The various tribes can be categorised into different major linguistic groupings, such as Indo-Aryan, Dravidian, Austroasiatic, Tibeto-Burman, and Andamanese.

About 25% of the Munda people and Oraon people, and 60% of the Kharia people of Jharkhand (population about 130,000), are Christian. Altogether, 43% of Kharia population is Hindu while 46% is Christian. However, almost two-thirds (63%) of the Santhal, over 40% of Munda and Ho tribal population are Hindus.
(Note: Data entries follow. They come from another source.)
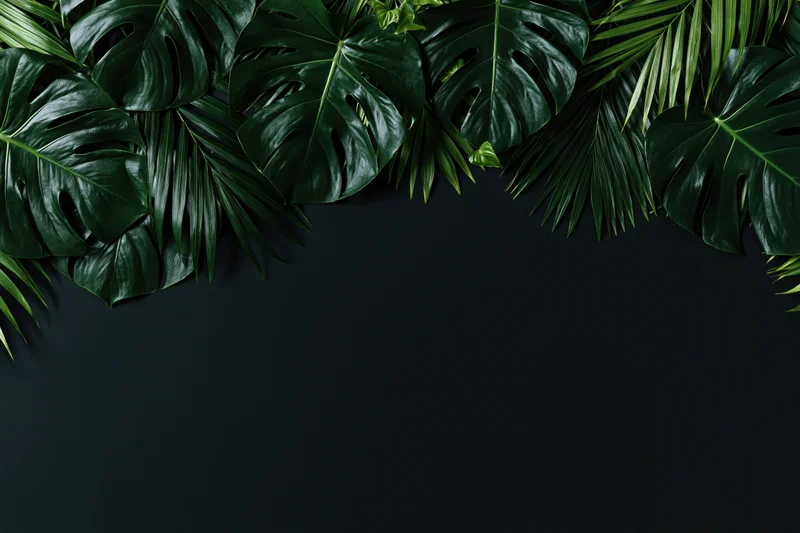 Monstera and palm leaves arranged in a flat lay composition on dark background with copyspace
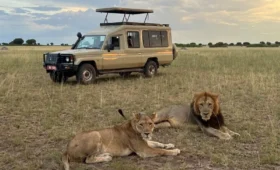 Best- Safari -Packages- in -Uganda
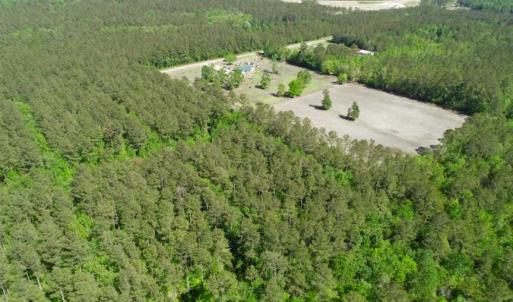 Photo of SOLD!!  20.4 Acres of Hunting and Timber Land For Sale in Jones County NC!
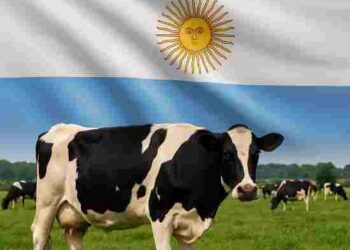 Argentina Dairy Output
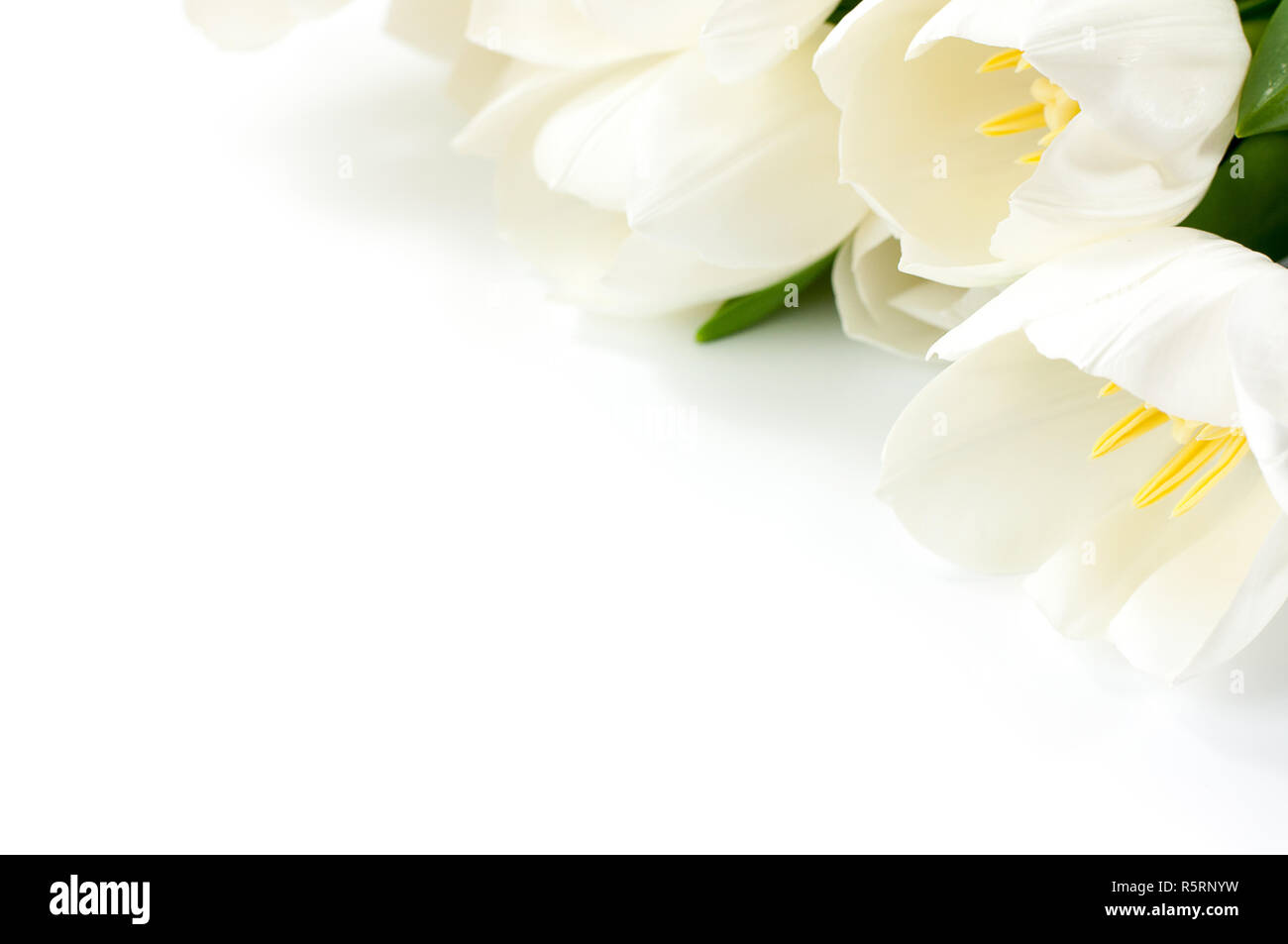Close up shot of white tulip on white background with copy space Stock Photo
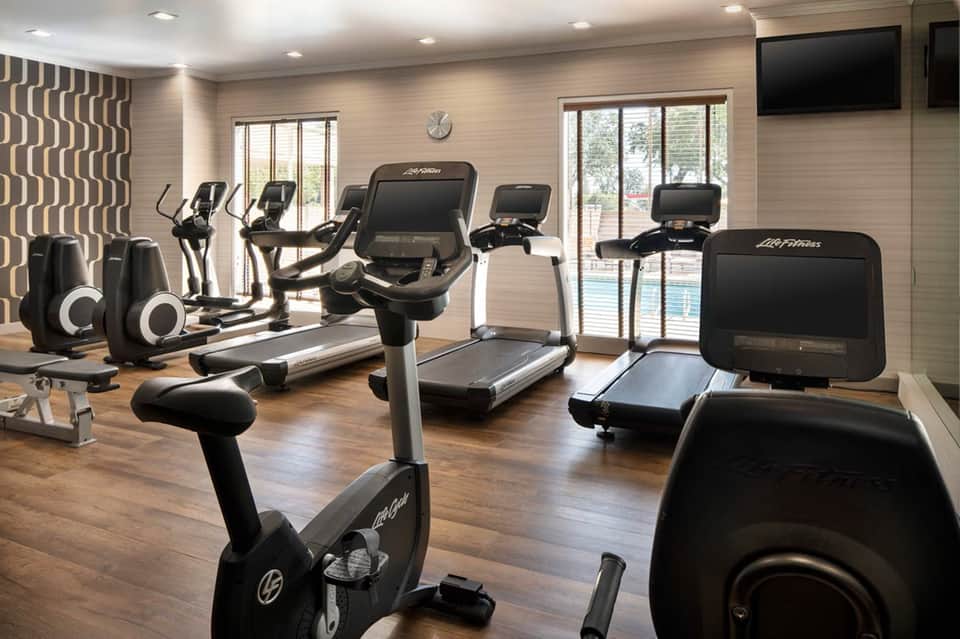 Well-equipped fitness center with treadmills, exercise bikes, dumbbells, and floor-to-ceiling windows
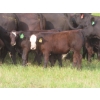 Image 7 : Storle Farms Ltd. - 630# October Delivery Steer Calves - 88 Head (Lake Alma, SK)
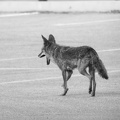 20200523B-DSC_6197-coyote.jpg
Tribal groups in the Himalayas were similarly affected by both Hinduism and Buddhism in the late 20th century. The small hunting-and-gathering groups in the union territory of the Andaman and Nicobar Islands have been under severe pressure of cultural assimilation.

==Recognition==
According to the Indian legal system, all the native or indigenous religions of India fall broadly under Hinduism, since the constitution does not classify only Vedic religions as Hinduism as used in the colloquial norm. The term "Hindu" is derived from Persian meaning "Indo" (or Indian), hence the official word "Hinduism" broadly refers to all the native cultures of the Indian subcontinent. The 1955 Hindu Marriage Act "[defines] as Hindus anyone who is not a Christian, Muslim, or Jew".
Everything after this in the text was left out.